TASK TO CARRY OUT -> All lines below starting at the one that holds "Cortona Inn and" and ending at the one that holds "Biden Regierung will" should be printed exactly, ends included. Pictures should not be printed, nor anything else.

GIVEN DATA ->
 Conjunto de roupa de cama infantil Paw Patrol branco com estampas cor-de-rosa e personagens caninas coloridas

---

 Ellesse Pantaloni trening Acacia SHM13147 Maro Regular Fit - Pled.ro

* * *

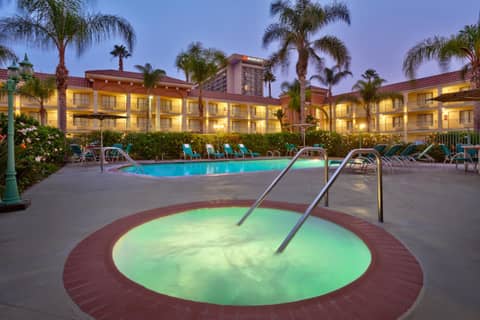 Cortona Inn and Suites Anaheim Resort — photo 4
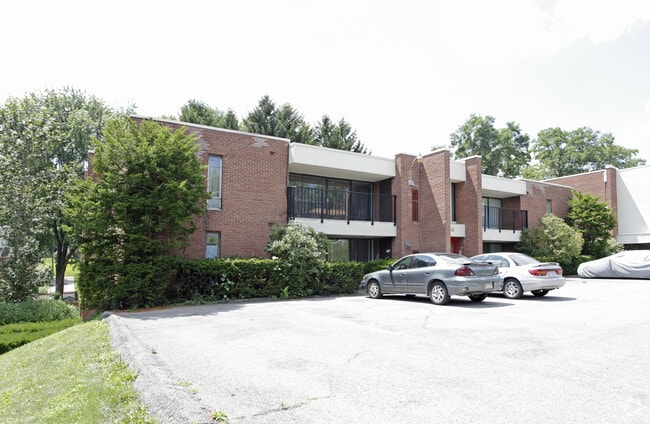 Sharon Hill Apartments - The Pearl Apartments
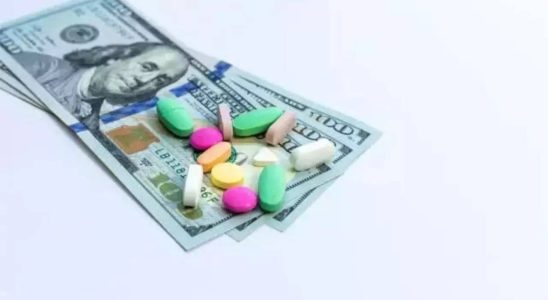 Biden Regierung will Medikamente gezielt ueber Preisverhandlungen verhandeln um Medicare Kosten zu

WRITTEN ANSWER ->
 Cortona Inn and Suites Anaheim Resort — photo 4
 Sharon Hill Apartments - The Pearl Apartments
 Biden Regierung will Medikamente gezielt ueber Preisverhandlungen verhandeln um Medicare Kosten zu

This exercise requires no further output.